The Lenz lab at OSU is dedicated to understanding how the brain develops and changes during particularly flexible periods of life: before birth, during childhood, adolescence, and pregnancy. We focus on interactions between hormones, biological sex, immune signals, the brain with experiences, such as stress, inflammation, or injury. Our lab focuses primarily on immune cells that reside in the brain which interact with neurons to shape brain function.
Our main research projects are focused on the following questions:
- How does early life stress alter the function of immune cells in the brain, called microglia and mast cells, to shape brain development and outcomes such as myelination, synaptic pruning, growth factor expression, the stress response, and anxiety behavior? Does stress during development impact males and females differently because there are sex differences in these immune cells and hormone levels during development?
- Does early life allergic inflammation alter the trajectory of offspring brain development to increase risk for neurodevelopmental disorders? Our current work is focused on vertical transmission of allergic responses from mother to offspring, activation of brain-resident mast cells in offspring, and the sculpting of neural circuits for social behavior, especially glutamate and oxytocin synapses.
- How does pediatric traumatic brain injury (TBI) impact males and females differently?
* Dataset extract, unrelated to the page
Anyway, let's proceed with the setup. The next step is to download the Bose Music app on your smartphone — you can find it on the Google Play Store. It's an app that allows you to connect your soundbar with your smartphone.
Our current work is focused on mast cells, whole brain imaging of developmental myelination, synaptic pruning and the blood brain barrier. (Collaboration with Dr. Niko Kokiko-Cochran at OSUWMC; funded by the Brain Injury Association of America)
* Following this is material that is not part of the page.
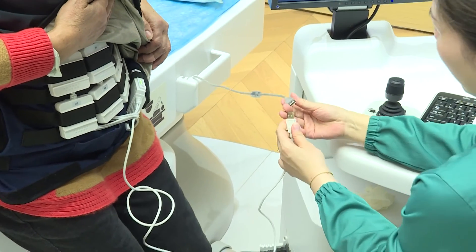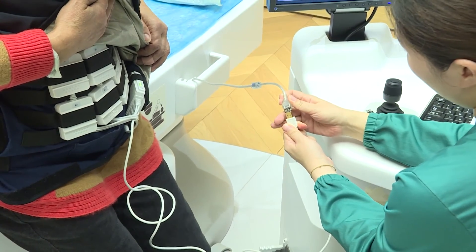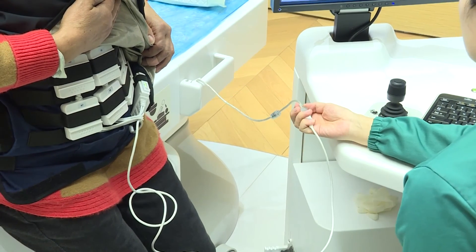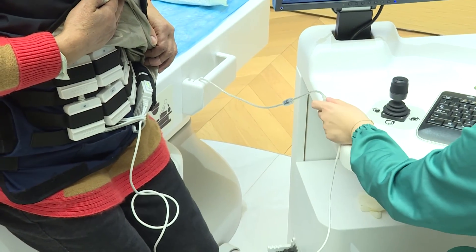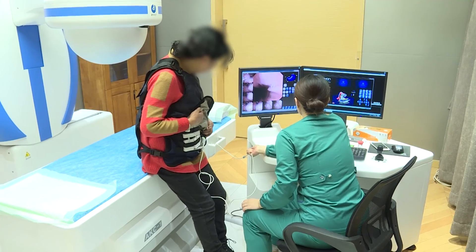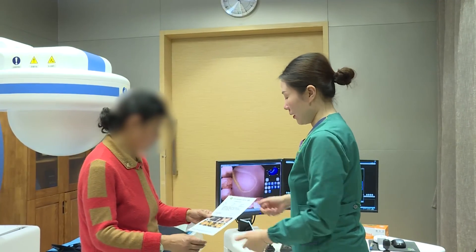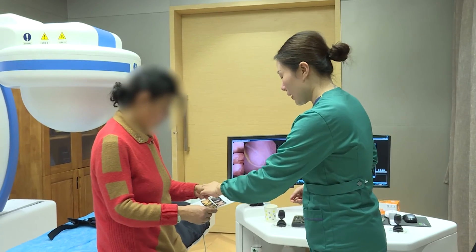The patient returned the data recorder the next day after the capsule battery expired. All images were downloaded to the computer workstation and reviewed by the reading physician, who would then generate an MCE report after carefully reviewing all captured images.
- Is neuroimmune function altered in the maternal brain during pregnancy? Does maternal stress exposure during pregnancy lead to symptoms of postpartum depression? We are focused on how stress during pregnancy may lead neuroimmune cells to aberrantly sculpt the mood-related brain circuits that lead to maternal care disruption and mood disturbances in new mothers. (Collaboration with Dr. Benedetta Leuner at OSU; funded by NIMH).